=== WORK ITEM ===
Please give again exactly the lines from the top of the material through the line with "This video will"; omit each picture.

=== DATASET CONTENT ===

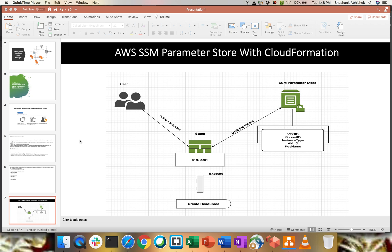With this video, by integrating Systems Manager Parameter Store with CloudFormation, we will be trying to modularize our CloudFormation template in a better way. Parameter Store from Systems Manager helps us store all the parameters like instance type, password, and related stuff. So imagine we define all our parameters — instance type, VPC ID, Subnet ID, AMI ID — in Parameter Store, and call that Parameter Store as a reference in our CloudFormation template. In that case, you don't have to touch or modify your CloudFormation template at all. Within Parameter Store, we store all the values, reference them within our CloudFormation template, and that will provision our resources.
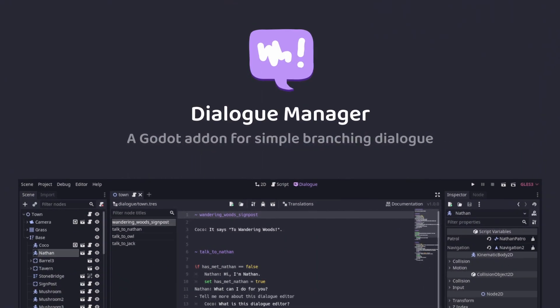This video will be a quick run-through tutorial of the Godot Dialog Manager add-on.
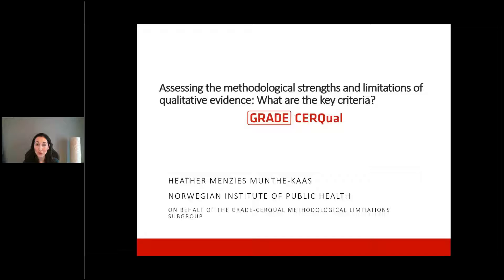Thank you for inviting me today. I'm very much looking forward to this. It's going to be relatively informal — I do have a lot of slides to get through, but I'm going to stop and ask if anybody has questions as we go. The threshold for asking questions here is very, very low, so please don't be embarrassed or afraid. I hope it's not too boring, but if you have any questions just interrupt me.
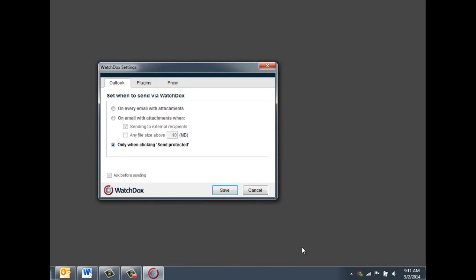There are a few different options to choose from. You can choose to have WatchDocs protect every email with attachments, meaning that when you click Send, you will be prompted to set permissions on any email with an attachment.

=== WRITTEN ANSWER ===
With this video, by integrating Systems Manager Parameter Store with CloudFormation, we will be trying to modularize our CloudFormation template in a better way. Parameter Store from Systems Manager helps us store all the parameters like instance type, password, and related stuff. So imagine we define all our parameters — instance type, VPC ID, Subnet ID, AMI ID — in Parameter Store, and call that Parameter Store as a reference in our CloudFormation template. In that case, you don't have to touch or modify your CloudFormation template at all. Within Parameter Store, we store all the values, reference them within our CloudFormation template, and that will provision our resources.
This video will be a quick run-through tutorial of the Godot Dialog Manager add-on.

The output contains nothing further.